Description of the task: Return the stretch from the line with "W Medalist Low Bi-Color Sneakers" through the line with "Ο Κυριάκος Μητσοτάκης παραχωρεί συνέντευξη" in the data below, character for character, skipping all pictures.

Image-caption web data
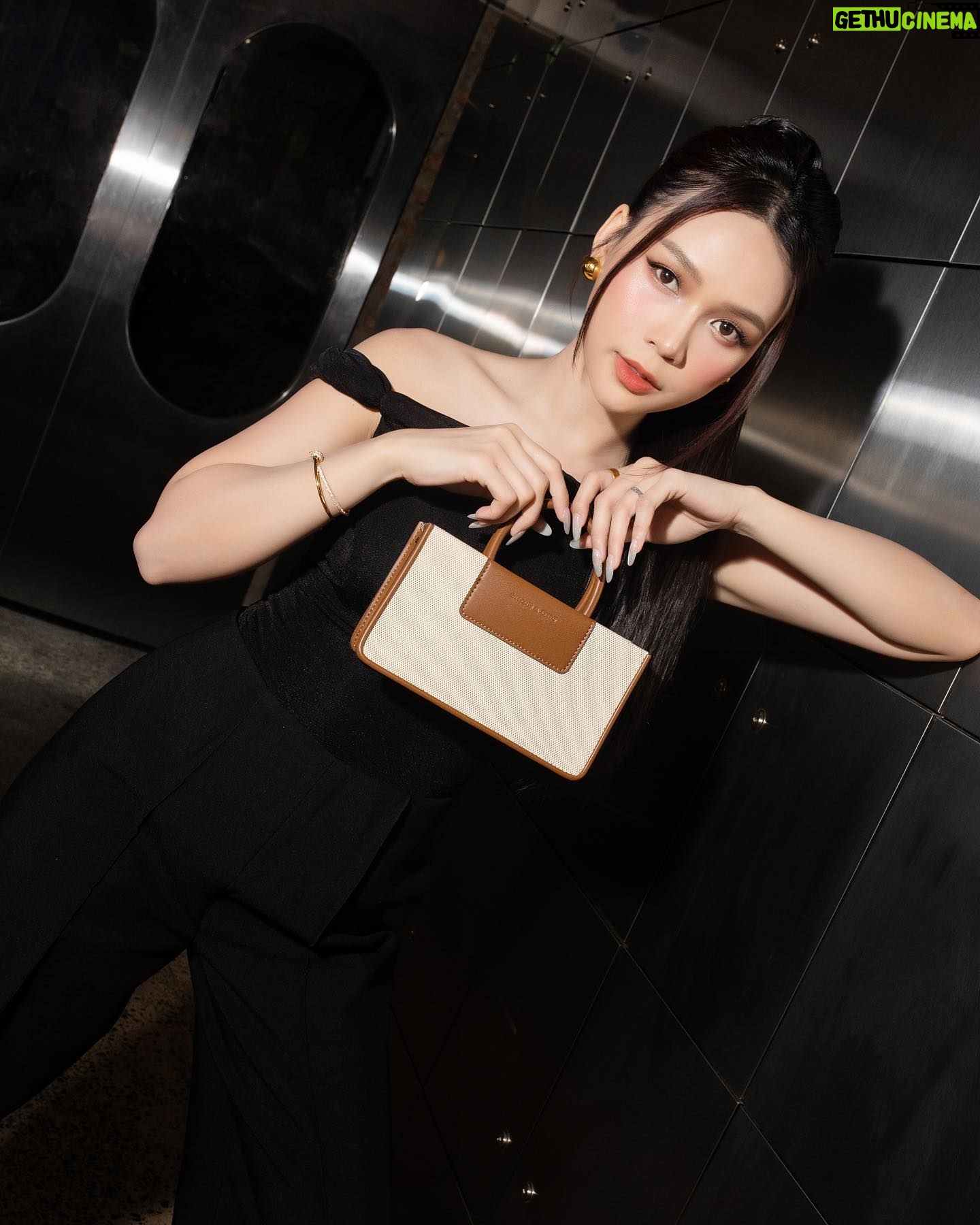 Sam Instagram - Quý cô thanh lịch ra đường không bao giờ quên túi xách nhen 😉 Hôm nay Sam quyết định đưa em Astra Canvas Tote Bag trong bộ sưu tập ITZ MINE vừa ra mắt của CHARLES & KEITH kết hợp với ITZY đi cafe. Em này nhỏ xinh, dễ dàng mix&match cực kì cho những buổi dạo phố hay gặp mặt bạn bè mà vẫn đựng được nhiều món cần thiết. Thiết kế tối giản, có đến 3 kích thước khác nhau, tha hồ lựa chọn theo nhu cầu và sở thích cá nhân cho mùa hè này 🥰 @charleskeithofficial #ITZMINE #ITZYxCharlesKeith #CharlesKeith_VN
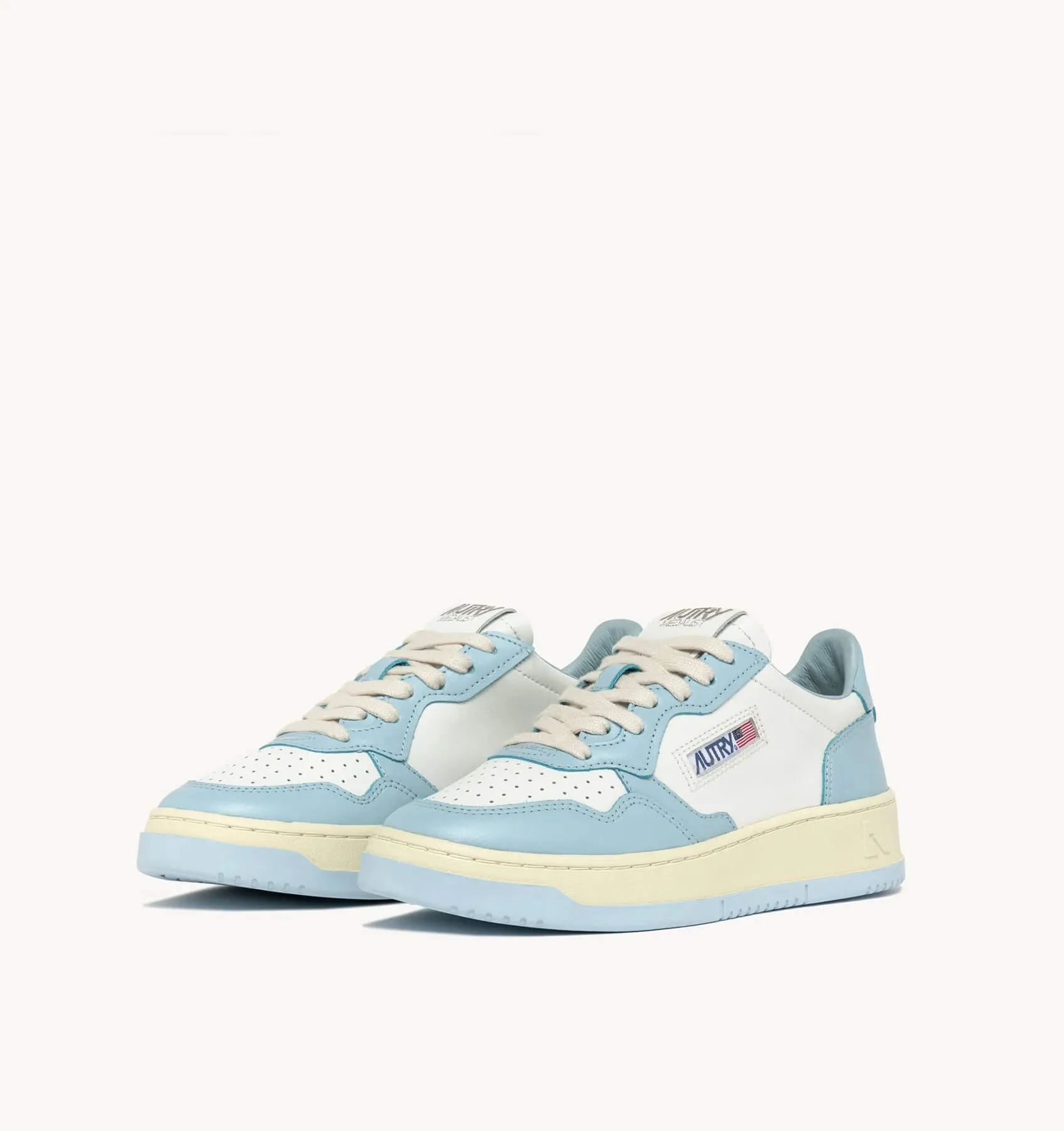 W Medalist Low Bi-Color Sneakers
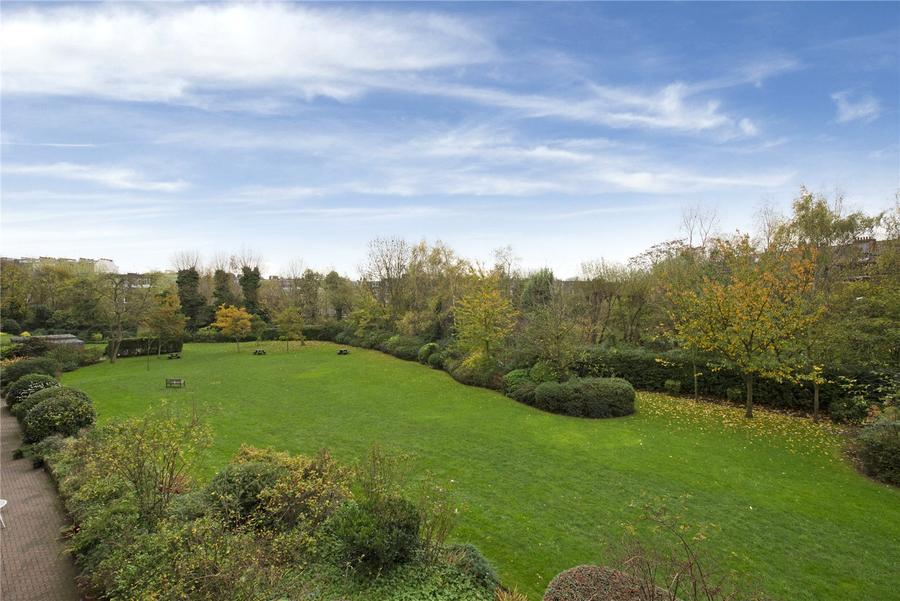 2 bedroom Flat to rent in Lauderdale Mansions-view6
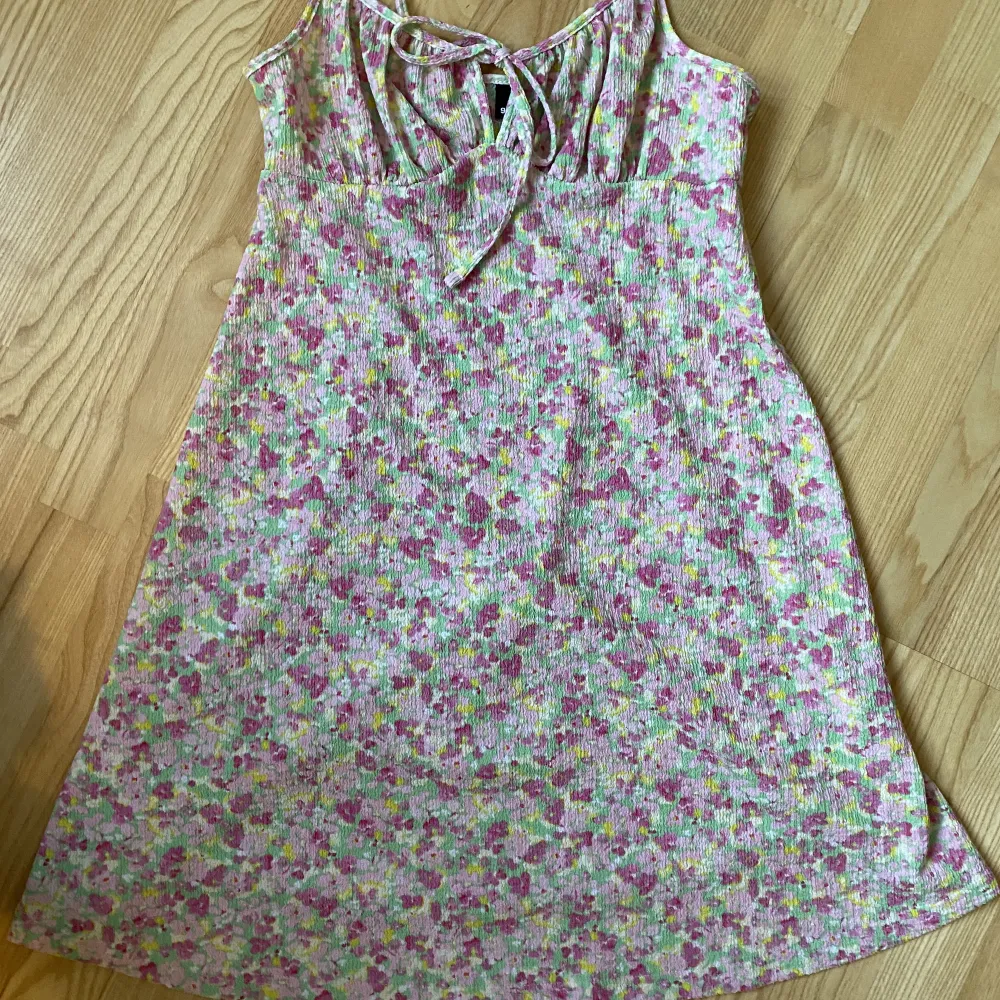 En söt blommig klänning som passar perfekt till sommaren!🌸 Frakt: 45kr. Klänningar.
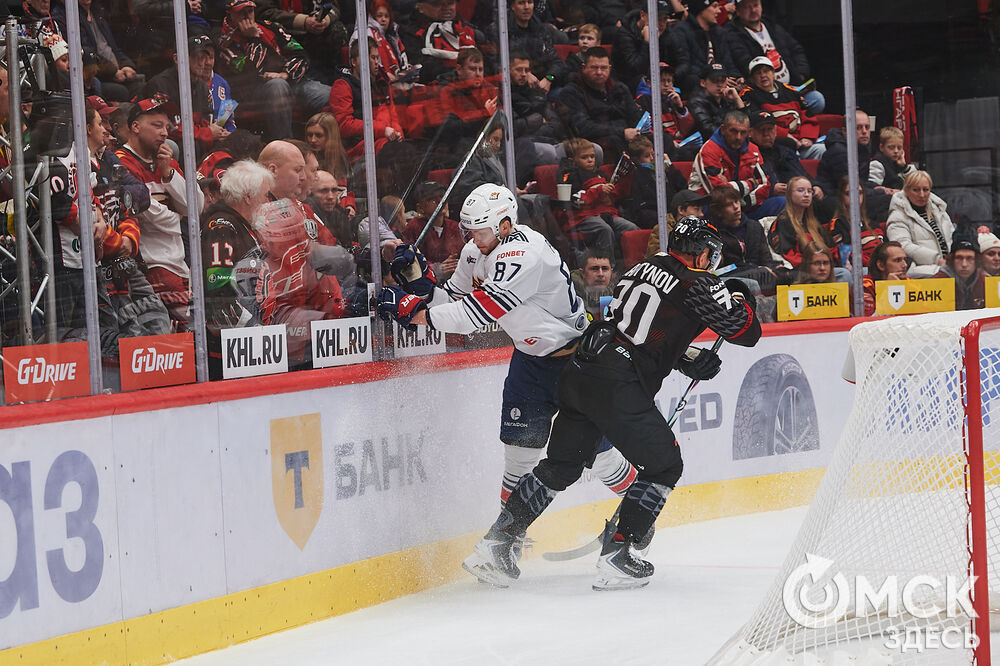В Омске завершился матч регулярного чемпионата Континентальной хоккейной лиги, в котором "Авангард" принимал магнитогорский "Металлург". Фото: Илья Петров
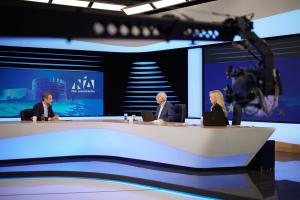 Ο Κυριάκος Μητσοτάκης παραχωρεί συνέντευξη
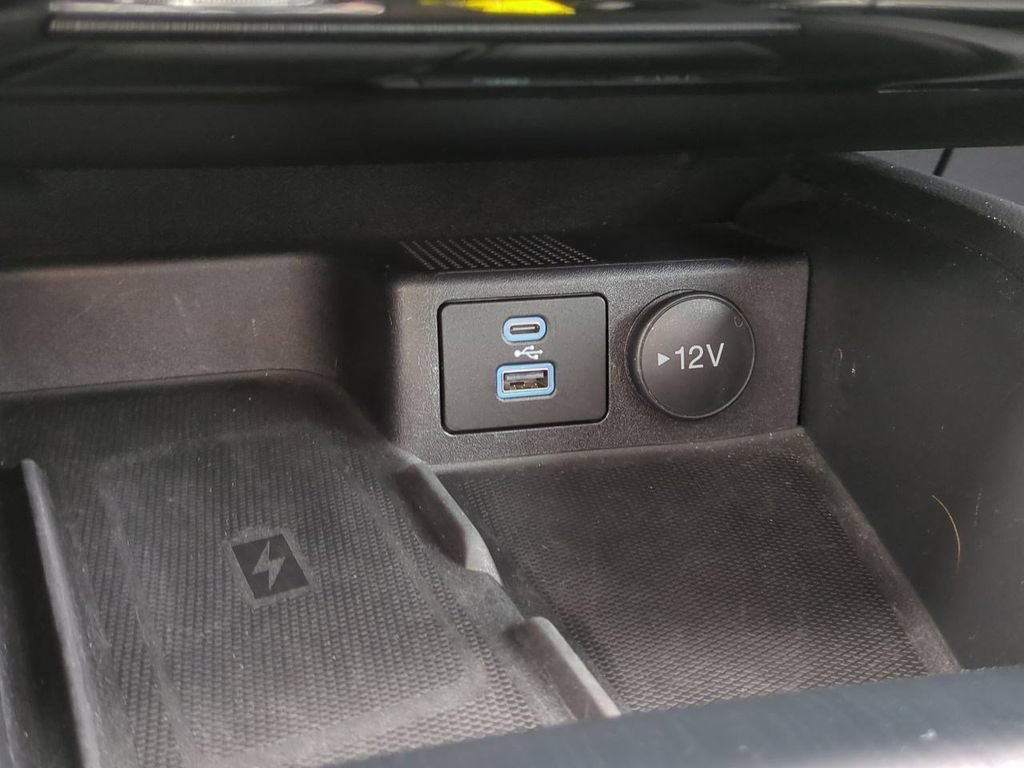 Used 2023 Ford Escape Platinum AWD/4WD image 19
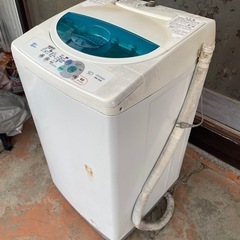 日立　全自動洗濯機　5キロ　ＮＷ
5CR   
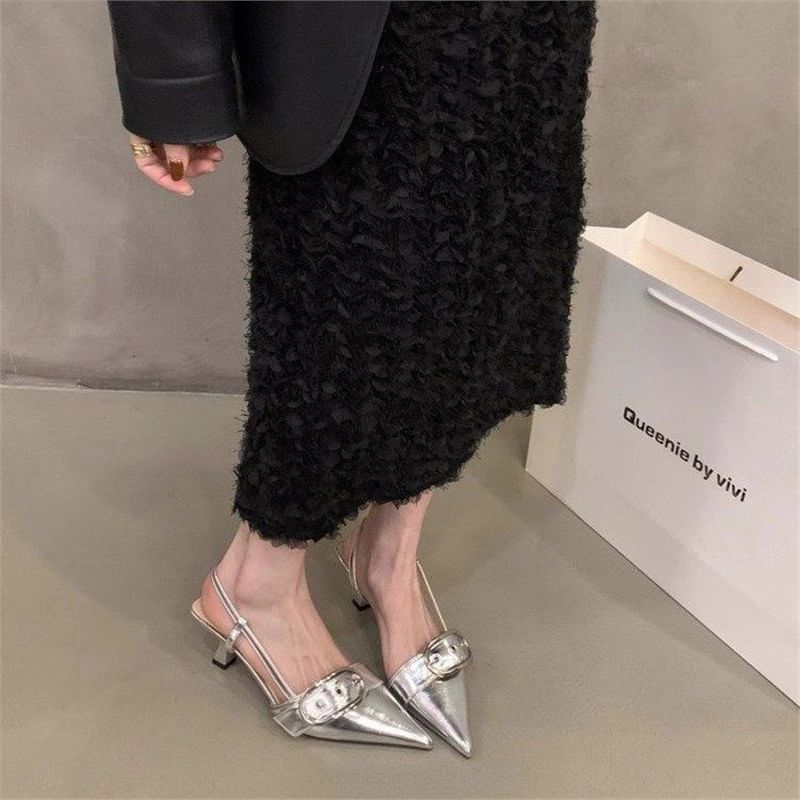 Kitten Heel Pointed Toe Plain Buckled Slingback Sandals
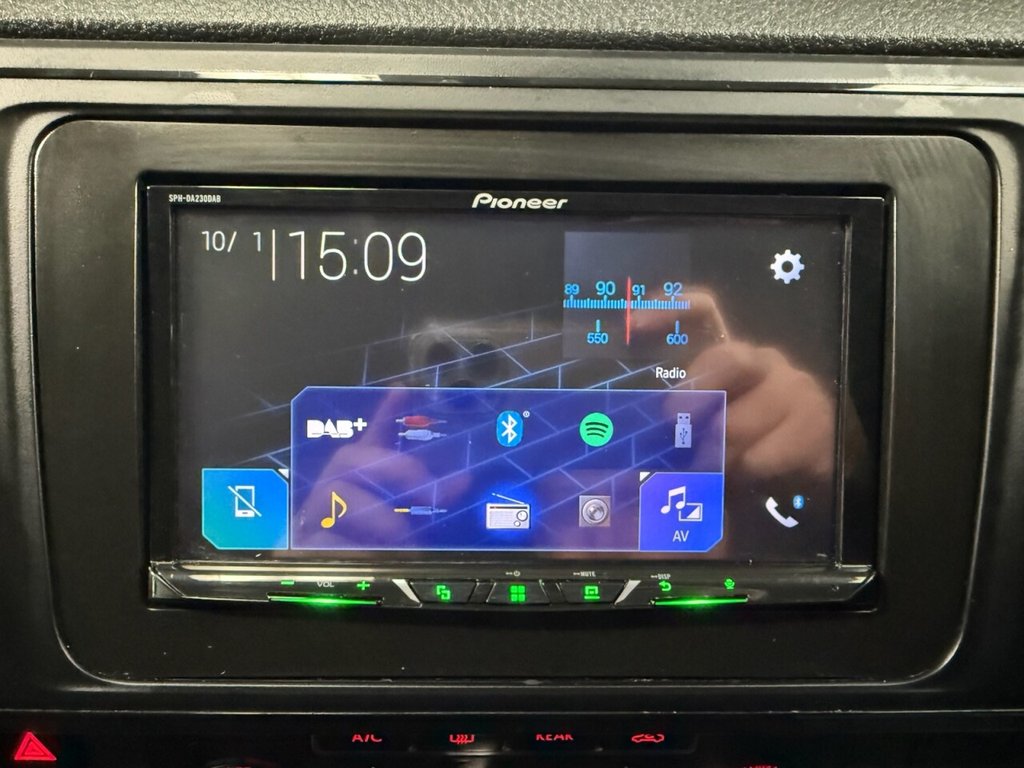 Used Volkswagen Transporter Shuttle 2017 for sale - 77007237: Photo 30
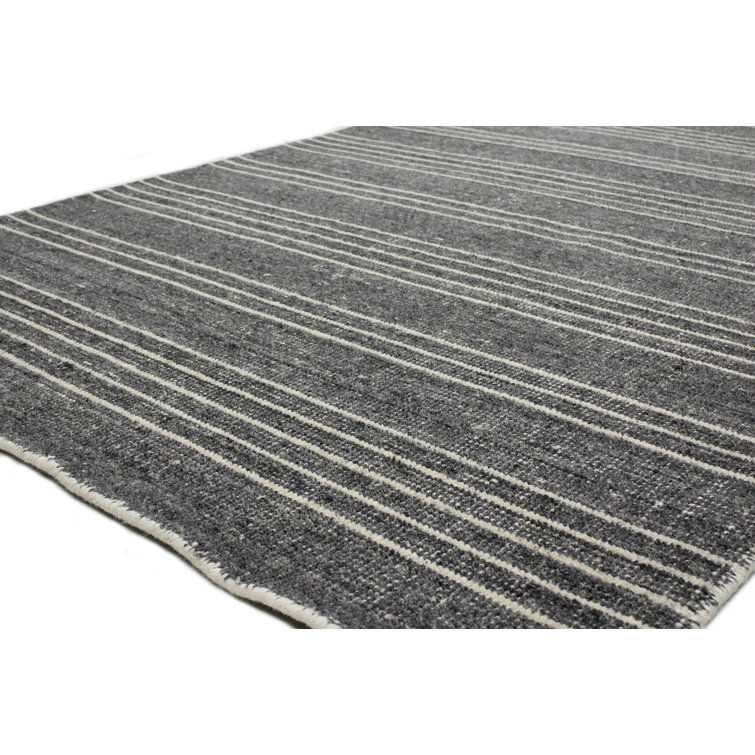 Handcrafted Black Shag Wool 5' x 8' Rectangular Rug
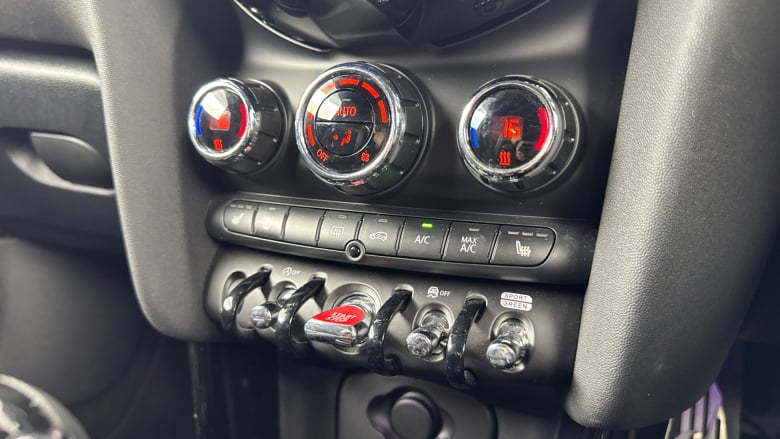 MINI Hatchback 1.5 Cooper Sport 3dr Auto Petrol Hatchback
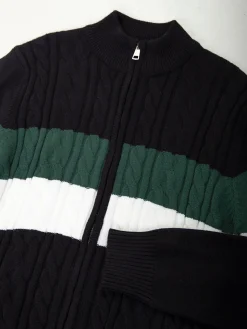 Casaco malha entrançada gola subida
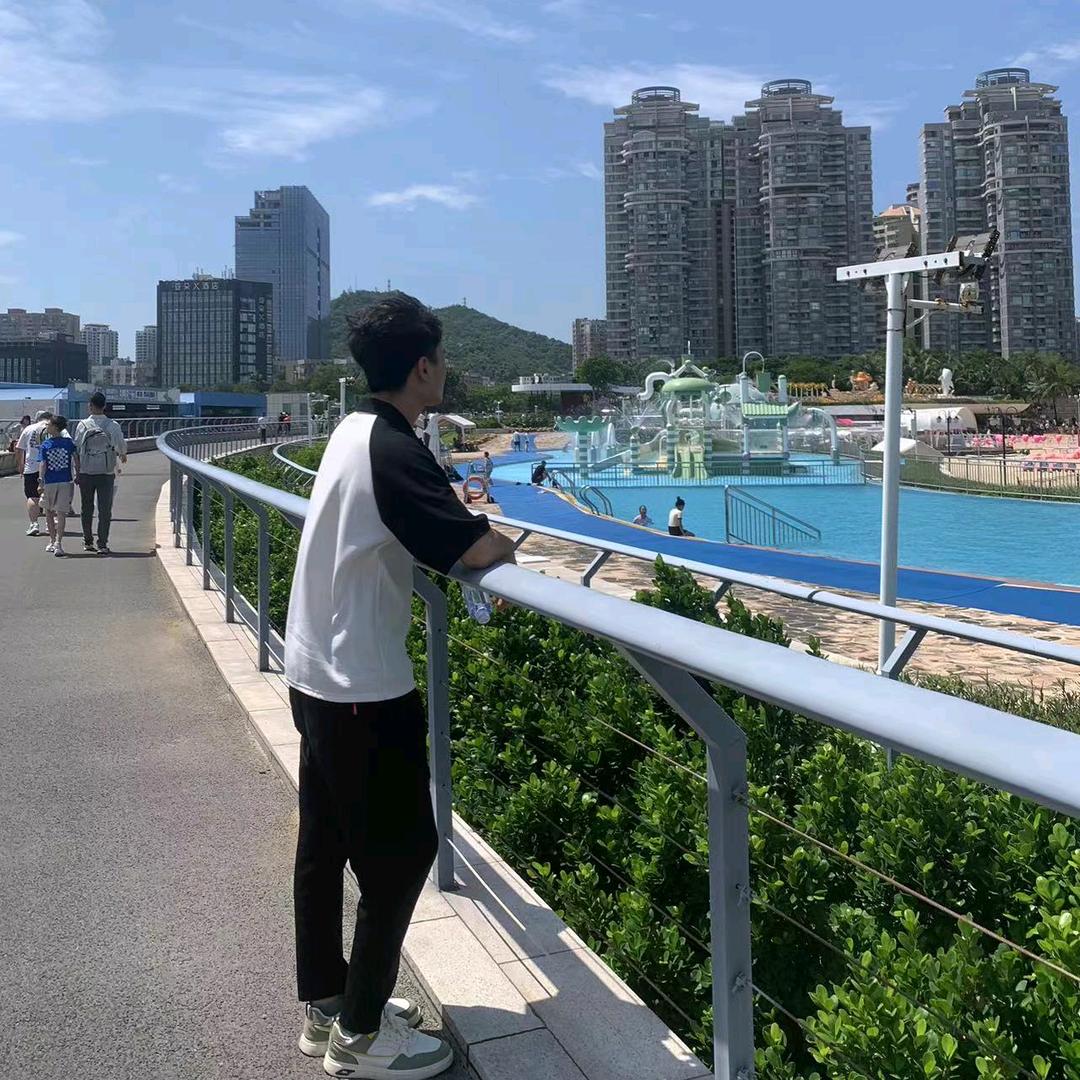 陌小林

Answer space:
 W Medalist Low Bi-Color Sneakers
 2 bedroom Flat to rent in Lauderdale Mansions-view6
 En söt blommig klänning som passar perfekt till sommaren!🌸 Frakt: 45kr. Klänningar.
В Омске завершился матч регулярного чемпионата Континентальной хоккейной лиги, в котором "Авангард" принимал магнитогорский "Металлург". Фото: Илья Петров
 Ο Κυριάκος Μητσοτάκης παραχωρεί συνέντευξη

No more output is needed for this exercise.